The First SF Redis Meetup
Although I am not a Redis user, yet, I do have an interest in NOSQL (Not Only SQL) data storage and Redis has come up in readings and discussions as a very slick piece of technology. I figured that the First San Francisco Redis Meetup would be a good opportunity to find out more about Redis and how other software developers and companies have deployed it. Even though I was one of two or three who have not used Redis, this meetup met my expectations.

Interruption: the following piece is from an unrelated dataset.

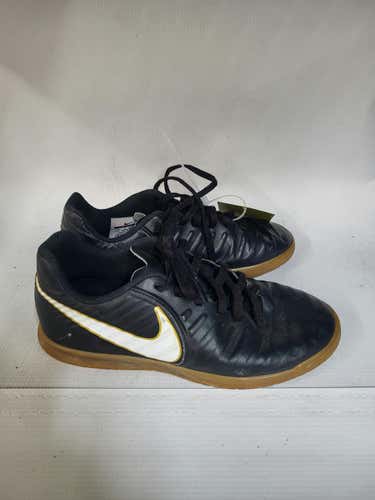 Used Nike Junior 04.5 Indoor Soccer Indoor Cleats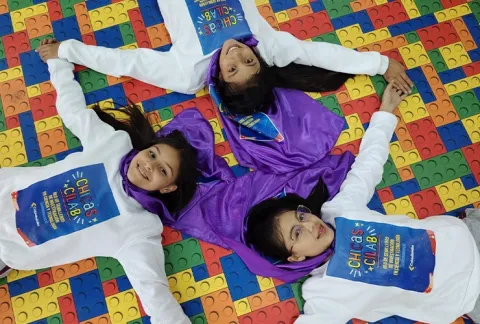 Niñas estudian en el semilleros de robótica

The event was held at the Engine Yard offices in San Franciso (Engine Yard is a big user of Redis) on March 25, 2010. The evening started with pizza, soda, and a very well done introductory Redis presentation by Ted Nyman, the organizer. Subsequent speakers discussed how they were using Redis for their projects. The main takeaway from the evening was that you can use Redis for pretty much anything but it seems very well suited for any situation where you want to store some information as a data structure on a remote server. It seems like a very strong replacement for memcached and much much more.
For more information on this and future Redis Meetups, check out The San Francisco Redis Meetup Group.
Below are the notes that I took that evening. SF Redis Meetup Group
- Intro by Ted Nyman
- First Redis Meetup (in the world?)
- Salvatore Sanfilippo (antirez) is the author of Redis
- Very attentive maintainer; responsive on email and IRC
- Open sourced about a year ago
- A project called "Rescue" uses it
- What is Redis?
- "A super-fast database," for the layman
- "A fast and powerful key-value store that saves us time, money, and our sanity," for the pointy-haired boss
- Or NOSQL
- "A blazingly fast, in-memory data structures sever, with built-in value types and atomic operation; easy replication; all structured with unique keys," for the cool hackers.
- Redis is simple
- Zero config.
- 30 seconds from download to database interaction.
- Tried it the first time and it worked very well.
- Redis is very fast.
- 100,000 r/w a second on a decent Linux box.
- Real Data structures
- redis values can be strings, lists, sets, sorted sets. With sophisticated, atomic operation. And now: hashes.
- a list can be set up as a queue
- hashes are new an powerful
- Redis is multi-lingual
- Client libs for Ruby, Python, Perl, PHP, Clojure, Java, and many more. Even Haskell.
- The Redis C source code is very readable
- Redis is pretty safe
- And getting safer. It's now as persistent and durable as yuou desire. New Multi-Exec. Replication. And more.
- Redis writes to disk every 5 seconds, which is not very "durable"
- But it depends on what you are doing, i.e. saving somebody's up vote on Reddit.
- Has replication, master-slave
- Append only file - not on by default (makes it a little slower)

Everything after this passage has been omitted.